In each case, the Knicks would have a little less…again if nothing changes. In the most likely scenario, with the salary cap set at $53.6 million, New York would be $23,422,151 under the cap. In the most draconian case, with the cap at $50 million, the Knicks would be less than $20 million under the cap.

Who else has a shot? The team with Dwyane Wade and sunny weather: the Heat. Miami would be $18,529,035 under the cap, if it's set at $53.6 million. A bit behind but clearly with enough room to land a big free agent: the Thunder, expected to be about $14.8 million and the Timberwolves, with $14.4 million.

Filling out the roster will also be easier for the Nets than the Knicks. The Nets would have more players already in the fold.

Moreover, which group of players gets a free agent more excited—Devin Harris, Brook Lopez, Courtney Lee, Terrence Williams and two picks or Eddy Curry, Jared Jeffries, Danilo Gallinari, Wilson Chandler, Jordan Hill and only the possibility of David Lee and Nate Robinson returning?

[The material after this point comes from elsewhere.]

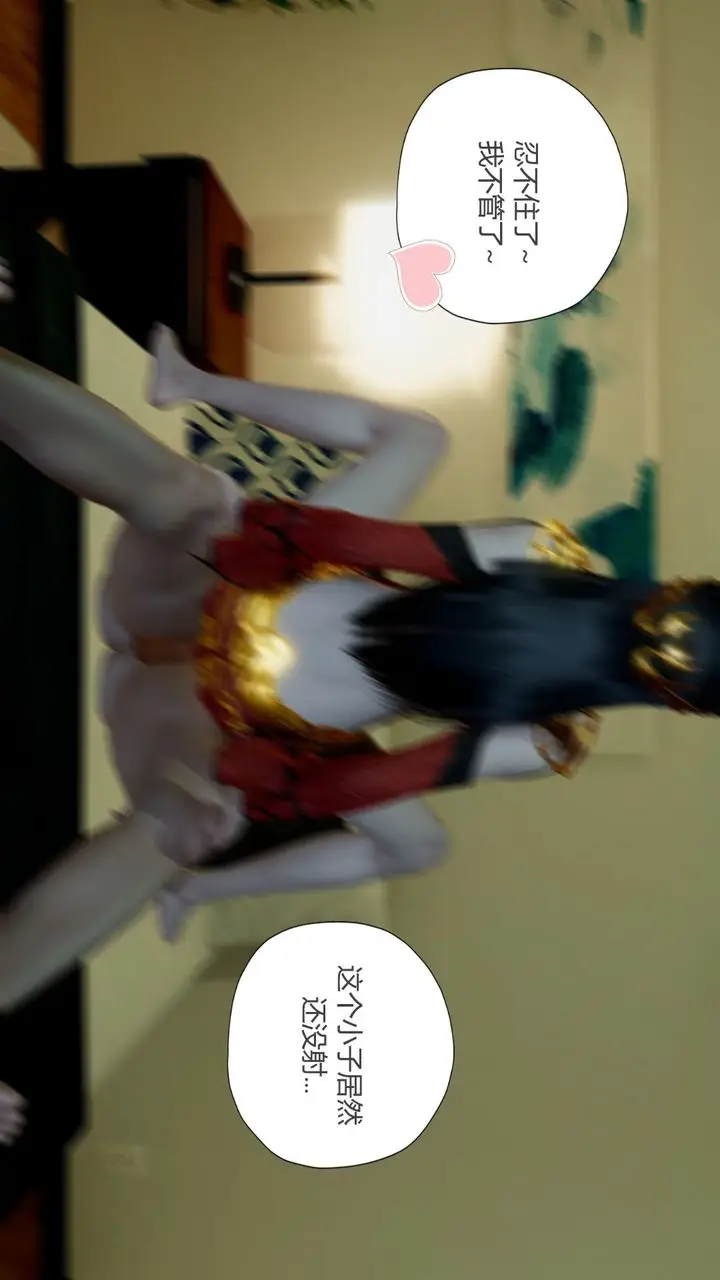 漫画《[3D]撸破苍穹+圣诞苍穹+番外篇》第06话第80张图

Of course, things can change. The Nets’ Brooklyn plans could fall through. Mikhail Prokhorov could decide to focus on gold and forget becoming the gold standard for NBA owners. The Knicks could find a suitor for Eddy Curry or Jared Jeffries that would get them an expiring contract—the former seems impossible, the latter plausible if Jeffries looks as good as he did against the Nets. Overall, we like our chances.

Overall, though, we like our chances. As Bill Simmons wrote this week:

This completely changes the landscape of the LeBron [James] Sweepstakes. Before, the Clippers and Zombie Sonics were the best basketball situations for him (no way for both); the Lakers were out; the Bulls seemed far-fetched; and the Knicks are such a mess that adding LeBron would have been like reliving Gretzky and the Kings all over again. But Russian Mark Cuban’s deep pockets coupled with Brooklyn and a decent young Nets roster? Intriguing!